The Tampa Bay Buccaneers are gearing up for another Super Bowl run. After returning every single starter from last year’s championship team, it’s obvious that they don’t have a ton of needs. However, that’s not to say that this isn’t a critical draft for the franchise. This Bucs mock draft highlights how low risk and high reward players will be the ideal fit for this team.
The Bucs are still in need of key role players and depth. This team also has to keep one eye on the future as some key players enter the last year of their deal or inch closer to retirement. The goal of this draft is to get players who can be long term building blocks and well as contribute right away. With that and this regime’s draft history in mind, here are some likely names they could look at in the draft.

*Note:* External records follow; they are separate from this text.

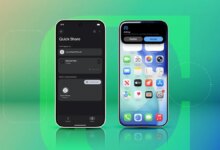 Pixel Makin Mengusik Apple, Quick Share Kini Nyambung ke AirDrop dan Watch Lebih Siaga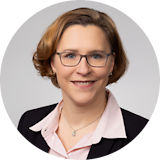 Susanne Bieller ist seit 2019 Generalsekretärin der International Federation of Robotics (IFR). Zuvor war die promovierte Chemikerin unter anderem beim Verband Deutscher Maschinen- und Anlagenbau e. V. (VDMA) sowie bei Eunited Robotics aktiv, einer ehemaligen Sektion innerhalb des europäischen Maschinenbauverbands Eunited AISBL. 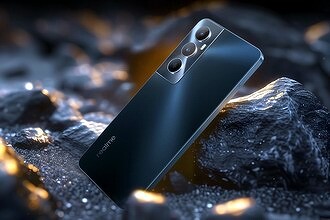 В России начинаются продажи ультрадешевого «убийцы» Xiaomi с большим аккумулятором. Видео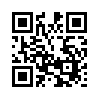КулЛиб QR: На островах (fb2)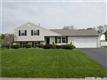 5993  Arentine Way , Cicero, NY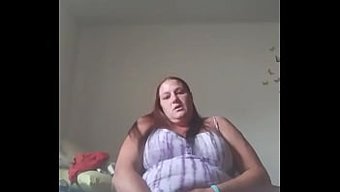 Nebraska M...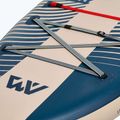 Aqua Marina Magma 11'2" SUP board 9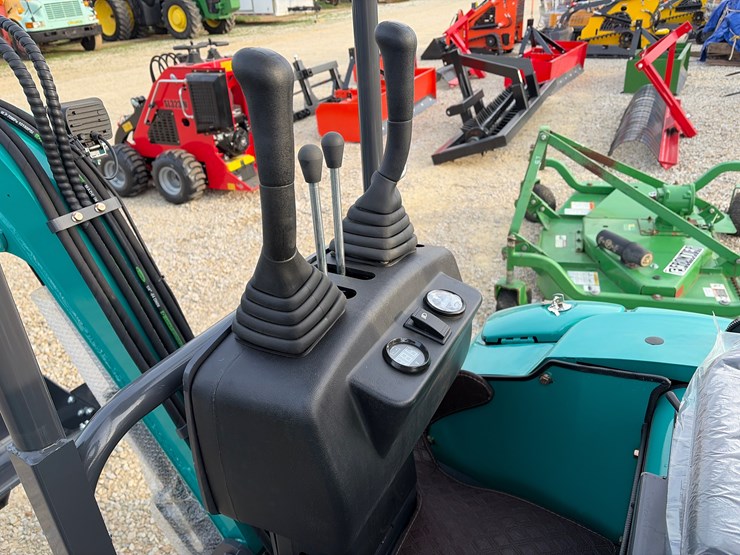 cfg-industry-qk16r-image-5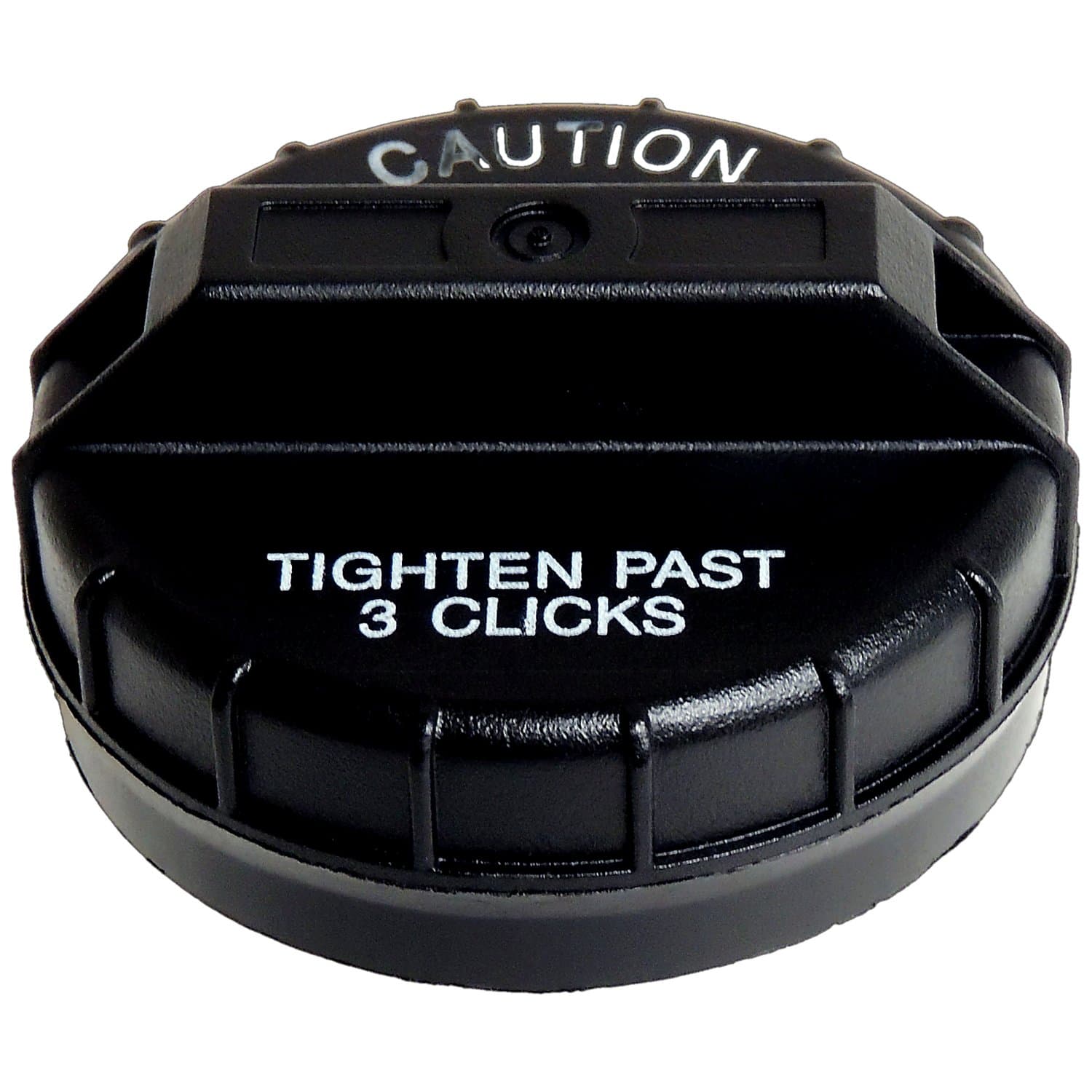 2000-2001 Cherokee XJ Non-Locking 2008-2010 Compass MK Non-Locking 2001-2004 Grand Cherokee WJ Non-Locking 2005-2009 Grand Cherokee WK w/ 3.7L 4.7L or 5.7L w/o FlexFuel; Non-Locking 2010-2011 Grand Cherokee WK w/ 3.6L 3.7L 5.7L or 6.1L engine; Non- product image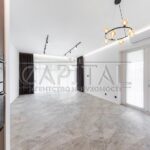 Продаж будинку 158м², 4.5 соток, Софіївська Борщагівка | 10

Round 1, Pick No. 32: EDGE Joseph Ossai, Texas Longhorns
Ossai is so much of what the Bucs value on defense. He’s an above average athlete who brings value as a pass rusher and a running defender. And while he could learn to use his hands better to get off blocks, he’s a relatively safe prospect.

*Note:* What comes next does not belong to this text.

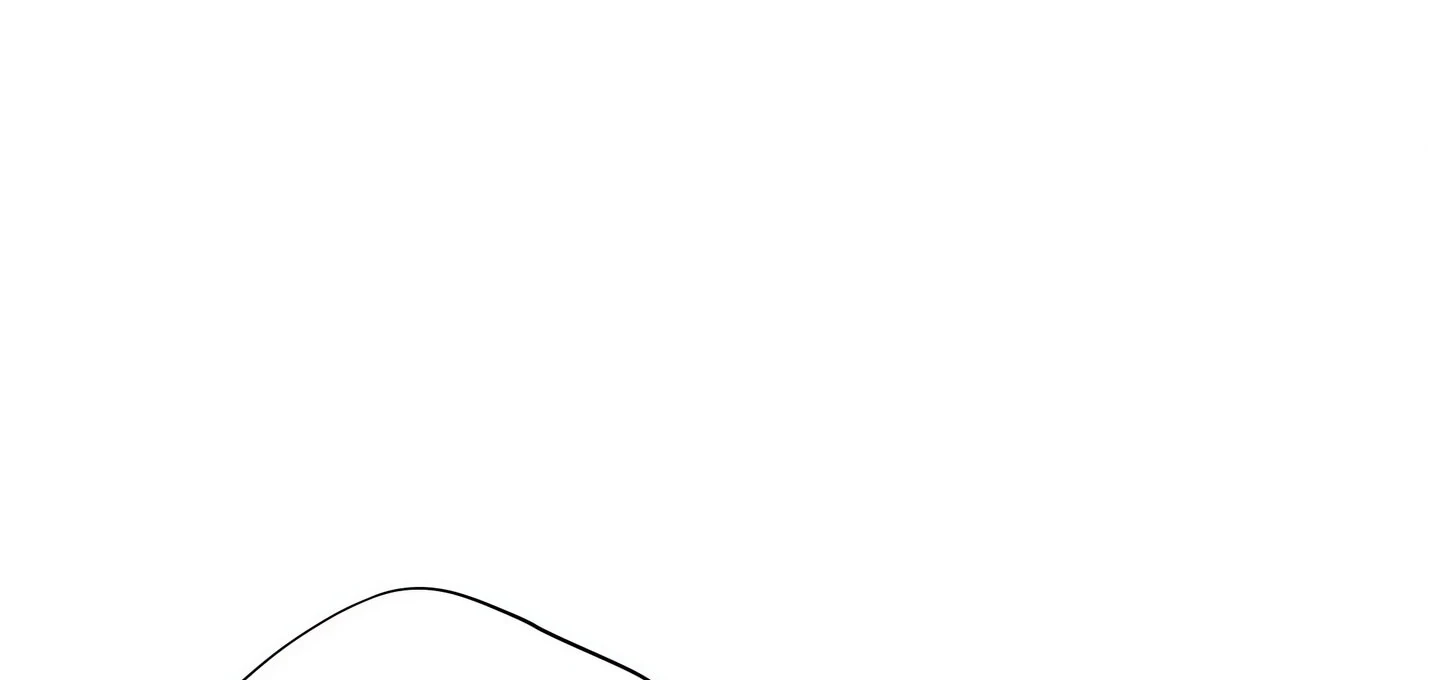 Step Into the Past Chapter 28 - Page 129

This is in large part due to his motor. Ossai plays with maximum effort on every play. There is a question on if he’ll ever be an elite player, but with his physical tools and competitive fire he’ll be a quality starter in the league for a long time.
Round 2, Pick No. 64: DL Levi Onwuzurike, Washington Huskies
Onwuzurike is a little smaller than what the Bucs have drafted in the past for defensive tackle. However, he plays much bigger than his 6-foot-3, 290-pound frame allows. After playing primarily at nose tackle, I have no doubt that Onwuzurike is strong enough to hold the point of attack. He also shows a quickness and relentlessness that makes me believe he will be a quality pass rusher.
Sitting behind Ndamukong Suh for a year would do him well as he develops his technique. Too often Onwuzurike rushes like a wild man. Time to learn how to set up blockers and use his hands better is the next step in his development. If he can do that then you could be looking at the best defensive tackle in this draft long term.
Round 3, Pick No. 95: IOL Quinn Meinerz, Wisconsin Whitewater Warhawks
Is there a more Bucs pick than a day two interior offensive lineman from a relatively unheard of school? Considering that is the discrimination of all three of their starting interior offensive lineman, I’d say no.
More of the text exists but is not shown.